4) Comp sets – This is where we really start to dive into specific numbers and historical or potential performance. There are currently many new data analysis companies offering products for aspiring vacation owners and investors to assess the potential performance of a specific property. While these companies have done a good job aggregating data retrieved from some of the major online travel agencies (OTAs) like AirBnB and VRBO to help investors with the analysis, it is always a good idea to verify these numbers with your agent. real estate, or through a local agent. professional management company like Carolina Retreats. Availability is not always a good measure of a true ‘booking’, due to variables such as landlord use, maintenance blocks, or the withdrawal of homes from the off-season rental market due to seasonality.

While there can be many other variables in the decision process to invest in a vacation rental home, these can be seen as sort of a “Big 4” in the initial analysis and due diligence. . Many times in our local beach markets there are historical rental figures on properties to help you jumpstart your research, but as we are seeing in real time, 2021 has been a game-changer with new demand and opportunities for potential income for traditional vacation homes. .

If you are considering the vacation rental investment market on Topsail Island, Wilmington Beaches, or Brunswick Beaches and want a little bit of advice to get you started, please contact us and we will be happy to help. happy to help you !

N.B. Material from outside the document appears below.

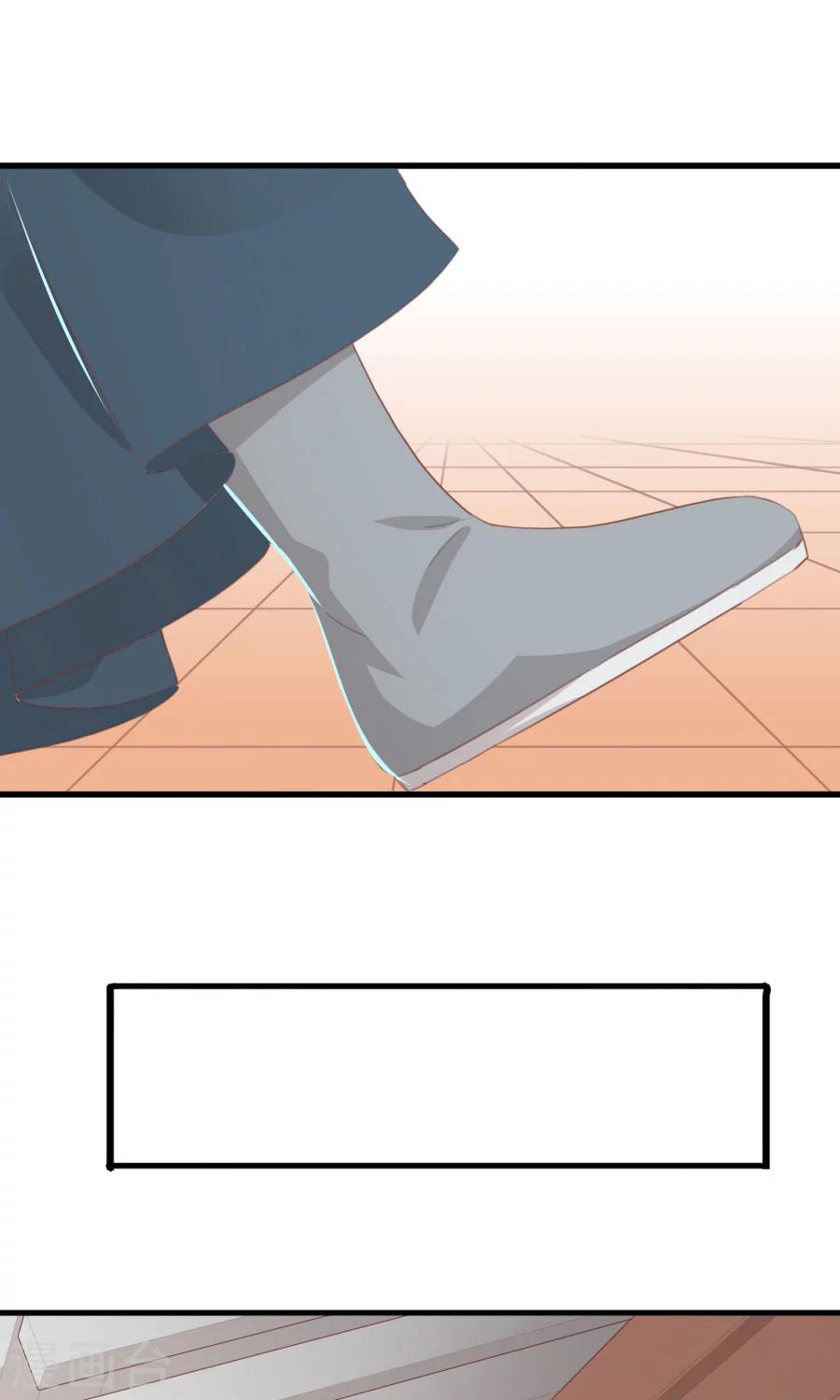 第118话 凌霜在雪地下跪碰瓷-第147话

Mike Harrington is the CEO and Owner of Carolina Retreats, an accommodation and vacation rental management company serving over 300 vacation property owners throughout the Cape Fear area. Prior to founding Carolina Retreats in 2015, Mike spent 10 years in the Outer Banks as CEO and Managing Director of Resort Realty, an upscale real estate and vacation rental company with 600 properties under management, five offices and over 100 full-time. employees and real estate agents. Mike is a past president and board member of the Vacation Rental Manager’s Association (VRMA), the largest international trade association for the vacation rental industry, as well as the past president of the North Carolina Vacation Rental Manager’s Association (NCVRMA). He is frequently invited to speak at seminars and professional conferences on the latest trends in vacation rental management in terms of marketing, operations and strategy. Mike holds an MBA from East Carolina University as well as a Bachelor of Business Administration and is a member of the East Carolina School of Hospitality Leadership Advisory Board.